Author Notes: This fic is brought to you by the CFVY Shop gang and Quarantine: Stay the fuck inside! We'll see how far it goes, but I'm mostly here for fun. This story isn't going to be super shipping focused. However, in this house we love and support Polyparents and the Nation of Pollination (Not you, Enabler). So if you are vehemently opposed to those concepts popping up, then here's your chance to jump ship. Otherwise, not my problem.
Momentum Transfers
Chapter 1
See, the thing about death, is that nobody wants to be reminded of it. People might act like they do, sure. They'll send their 'thoughts and prayers', flowers, edible bouquets; make it seem that they have some investment in thinking about your health and longevity. In reality though, these are coping mechanisms to help ward away something they aren't ready to confront; you're honestly just a bystander.
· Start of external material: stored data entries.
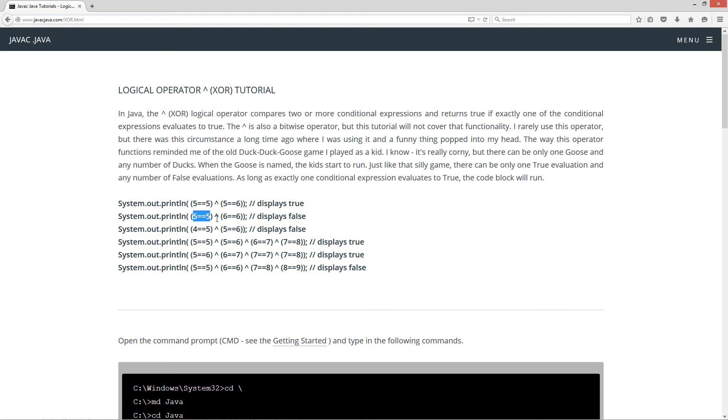Is 5 equal to 5 XOR is 6 equal to 6? Both are true, so we don't have just one, so it's going to return false, display false.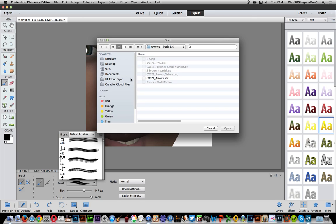Then just go to a folder that has ABR files. You can find many ABR files on the web; there are loads of different websites that have them.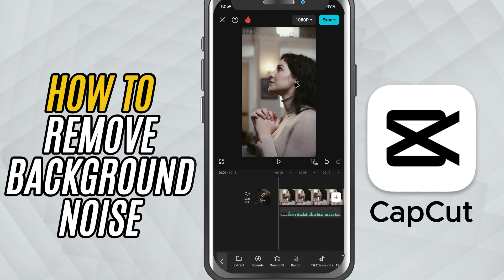If your video has too much background noise like fan sounds, traffic, or just a noisy room, don't worry — CapCut's got a simple fix. Let's get started.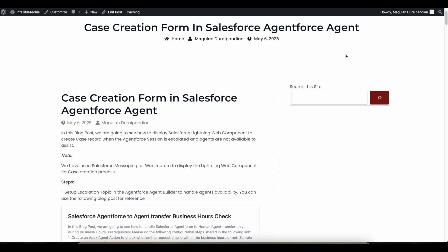Hello everyone. In this video we are going to see how to allow website visitors, when using Salesforce Messaging for Web and Agentforce Agent, to create a case record when agents are not available. Let's go into the demo.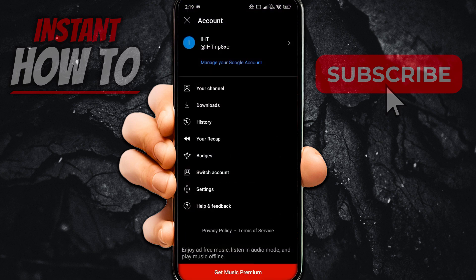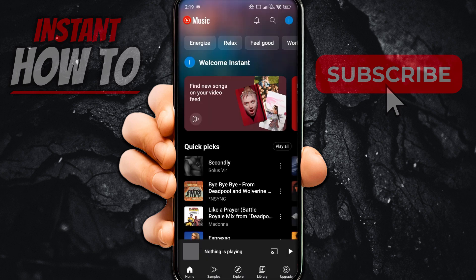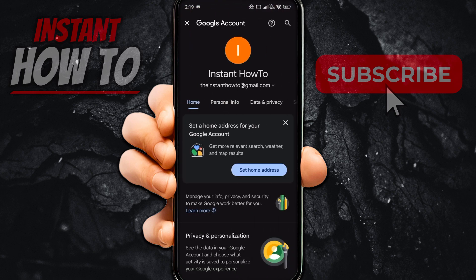Then you want to click the blue text up top which says 'Manage your Google Account.' Once you click this, you want to click under your name on your email address up top.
They want to smother your hospital bed with get-well cards and sparkly, limp balloons to obscure the real face of the issue. Because if they did look it in the face, then maybe they'd see something a little too familiar and way too real looking back at them; and then they'd get uncomfortable.
Yang had realized that she, too, made most people uncomfortable now; this was because, about six months ago, she'd come down with a case of missing the majority of her left arm and a lot of skin on her left leg. Before the accident, she generally had the opposite effect with most of the people she met. Yang could have walked into a Texaco, her high school, a police station, or the Tom goddamn Thumb, and anyone whose eyes she met then would have been generally happy to return the favor.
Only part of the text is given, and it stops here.